Can you provide an overview of ExxonMobil Chemical’s (EMC) activities and evolution in Latin America?
ExxonMobil Chemical (EMC) has conducted business in Brazil and Latin America since the early 1960s. Activities started with the distribution of hydrocarbon fluids, either locally produced or imported from other regions. The chemical portfolio has evolved over the last decades to support industry needs across a great variety of segments and applications ranging from agriculture to plastics, from the tire industry to chemical intermediates. São Paulo has become ExxonMobil’s chemical headquarters in Latin America, but we also have chemical hubs in Colombia, Argentina and Mexico.
Today, the company’s chemical footprint in the region includes polyethylene, butyl rubber, adhesives and elastomers (solids), as well as hydrocarbon fluids, isomeric branched oxo alcohols, polymer modifiers and plasticizers (liquids). We support customers either directly or by leveraging strategic partnerships with global and regional branded distributors.

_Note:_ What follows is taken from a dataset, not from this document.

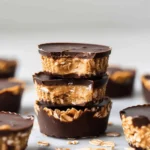 No-Bake Peanut Butter Oat Cups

Can you tell us about EMC’s range of performance PE polymers and the application that they are used for?
EMC’s Exceed XP, Exceed and Enable performance polyethylene (PE) polymers are ideal for a range of applications. From solutions that require extreme performance to those that offer an optimum balance of stiffness, toughness and processing capabilities. These metallocene linear low-density polyethylene (mLLDPE) are designed to support our customers on the development of innovative and sustainable solutions in flexible packaging, shrink and stretch, industrial and agricultural film applications. EMC is very proud of its superior technology capabilities and will continue bringing innovation to the flexible packaging industry. A new platform is coming soon, so please stay tuned!
Which factors have been driving the PE market in 2021, and where is demand coming from?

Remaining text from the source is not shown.